┌─ INPUT RECORDS
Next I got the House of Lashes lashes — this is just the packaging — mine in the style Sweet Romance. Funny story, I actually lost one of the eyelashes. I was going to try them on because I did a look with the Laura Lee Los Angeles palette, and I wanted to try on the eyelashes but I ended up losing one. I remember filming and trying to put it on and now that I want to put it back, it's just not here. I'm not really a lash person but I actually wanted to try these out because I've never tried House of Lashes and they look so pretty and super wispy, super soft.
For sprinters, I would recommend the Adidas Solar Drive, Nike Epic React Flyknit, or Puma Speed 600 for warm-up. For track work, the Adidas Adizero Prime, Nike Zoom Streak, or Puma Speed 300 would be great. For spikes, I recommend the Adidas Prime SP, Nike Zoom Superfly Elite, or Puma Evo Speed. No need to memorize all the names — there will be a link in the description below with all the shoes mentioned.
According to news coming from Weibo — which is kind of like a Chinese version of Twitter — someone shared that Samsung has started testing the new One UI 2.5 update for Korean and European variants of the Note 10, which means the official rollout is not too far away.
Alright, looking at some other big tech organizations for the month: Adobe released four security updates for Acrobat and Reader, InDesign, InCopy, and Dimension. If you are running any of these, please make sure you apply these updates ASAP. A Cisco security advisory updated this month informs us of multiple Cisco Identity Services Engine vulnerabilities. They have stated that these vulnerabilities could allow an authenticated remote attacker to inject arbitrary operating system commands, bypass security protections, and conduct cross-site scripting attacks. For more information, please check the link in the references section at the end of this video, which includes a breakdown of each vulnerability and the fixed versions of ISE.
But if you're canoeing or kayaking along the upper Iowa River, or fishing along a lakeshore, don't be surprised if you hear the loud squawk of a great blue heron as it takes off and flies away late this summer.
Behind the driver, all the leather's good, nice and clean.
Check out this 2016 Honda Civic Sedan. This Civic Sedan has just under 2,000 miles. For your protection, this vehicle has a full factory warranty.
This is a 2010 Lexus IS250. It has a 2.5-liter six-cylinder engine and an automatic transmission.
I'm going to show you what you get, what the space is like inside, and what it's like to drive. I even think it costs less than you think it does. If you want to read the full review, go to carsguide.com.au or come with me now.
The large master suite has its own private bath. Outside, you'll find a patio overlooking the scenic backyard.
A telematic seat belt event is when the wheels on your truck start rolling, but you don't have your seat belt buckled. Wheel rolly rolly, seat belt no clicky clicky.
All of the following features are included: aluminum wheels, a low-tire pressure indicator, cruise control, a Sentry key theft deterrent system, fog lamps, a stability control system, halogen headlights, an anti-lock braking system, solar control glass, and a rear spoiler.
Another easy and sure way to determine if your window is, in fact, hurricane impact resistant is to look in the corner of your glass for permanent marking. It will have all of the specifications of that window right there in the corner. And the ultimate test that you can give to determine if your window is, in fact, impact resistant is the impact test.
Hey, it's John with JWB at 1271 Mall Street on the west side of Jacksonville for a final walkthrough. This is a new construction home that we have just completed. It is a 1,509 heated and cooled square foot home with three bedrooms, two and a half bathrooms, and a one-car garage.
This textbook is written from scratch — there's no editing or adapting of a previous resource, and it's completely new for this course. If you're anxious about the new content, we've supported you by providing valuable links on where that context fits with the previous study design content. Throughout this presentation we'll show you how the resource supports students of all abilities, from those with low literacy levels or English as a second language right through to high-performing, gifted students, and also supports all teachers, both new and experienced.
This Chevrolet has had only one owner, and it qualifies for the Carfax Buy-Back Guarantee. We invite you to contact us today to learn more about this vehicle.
└─
Among the lines above, find those with the string "system" and copy them.

FINISHED TASK -
Alright, looking at some other big tech organizations for the month: Adobe released four security updates for Acrobat and Reader, InDesign, InCopy, and Dimension. If you are running any of these, please make sure you apply these updates ASAP. A Cisco security advisory updated this month informs us of multiple Cisco Identity Services Engine vulnerabilities. They have stated that these vulnerabilities could allow an authenticated remote attacker to inject arbitrary operating system commands, bypass security protections, and conduct cross-site scripting attacks. For more information, please check the link in the references section at the end of this video, which includes a breakdown of each vulnerability and the fixed versions of ISE.
All of the following features are included: aluminum wheels, a low-tire pressure indicator, cruise control, a Sentry key theft deterrent system, fog lamps, a stability control system, halogen headlights, an anti-lock braking system, solar control glass, and a rear spoiler.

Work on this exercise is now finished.